[Task statement] Return only the lines below starting at the line containing "KLIM Chroma –" and ending at the line containing "CHRISTIAN DIOR Calfskin", both included, exactly as they are and with no pictures.

[Records shown]
▼▼▼

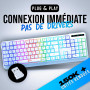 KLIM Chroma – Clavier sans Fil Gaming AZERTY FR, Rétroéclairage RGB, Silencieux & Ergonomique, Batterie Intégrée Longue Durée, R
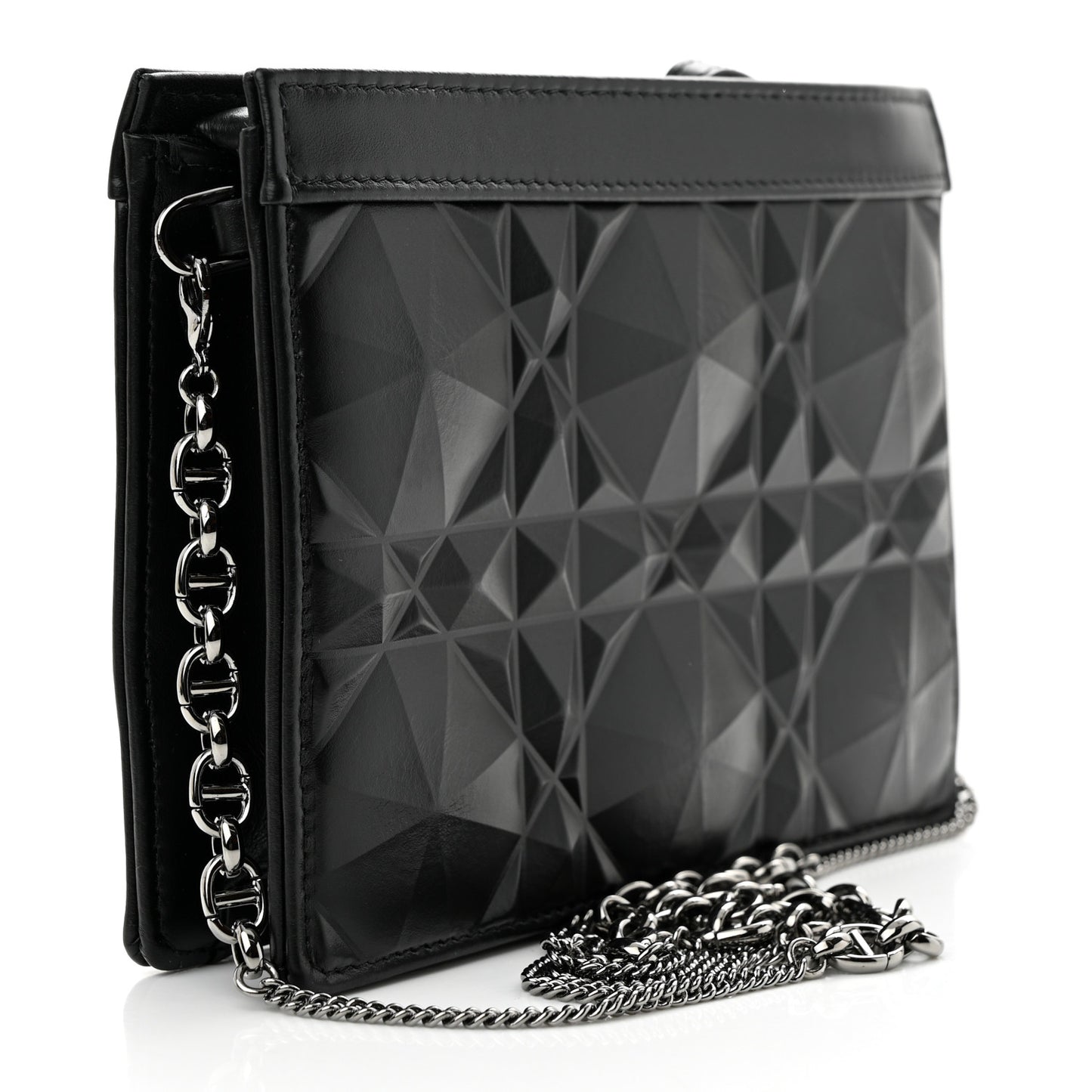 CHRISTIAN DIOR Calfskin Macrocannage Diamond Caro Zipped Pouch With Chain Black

▲▲▲
▼▼▼

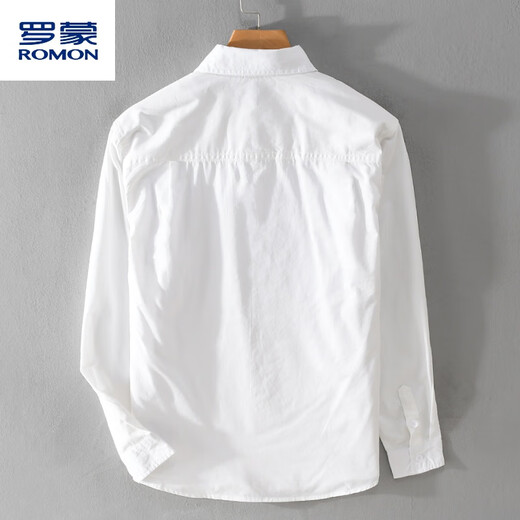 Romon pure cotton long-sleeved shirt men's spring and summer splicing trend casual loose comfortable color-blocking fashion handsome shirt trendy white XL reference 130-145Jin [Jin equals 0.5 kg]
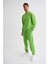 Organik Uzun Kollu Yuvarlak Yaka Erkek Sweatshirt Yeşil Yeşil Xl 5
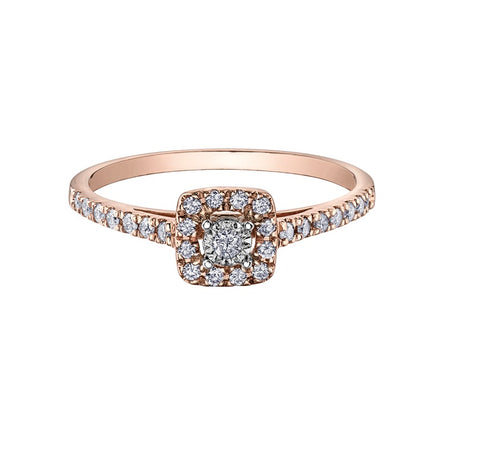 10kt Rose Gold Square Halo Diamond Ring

▲▲▲

[Task answer]
 KLIM Chroma – Clavier sans Fil Gaming AZERTY FR, Rétroéclairage RGB, Silencieux & Ergonomique, Batterie Intégrée Longue Durée, R
 CHRISTIAN DIOR Calfskin Macrocannage Diamond Caro Zipped Pouch With Chain Black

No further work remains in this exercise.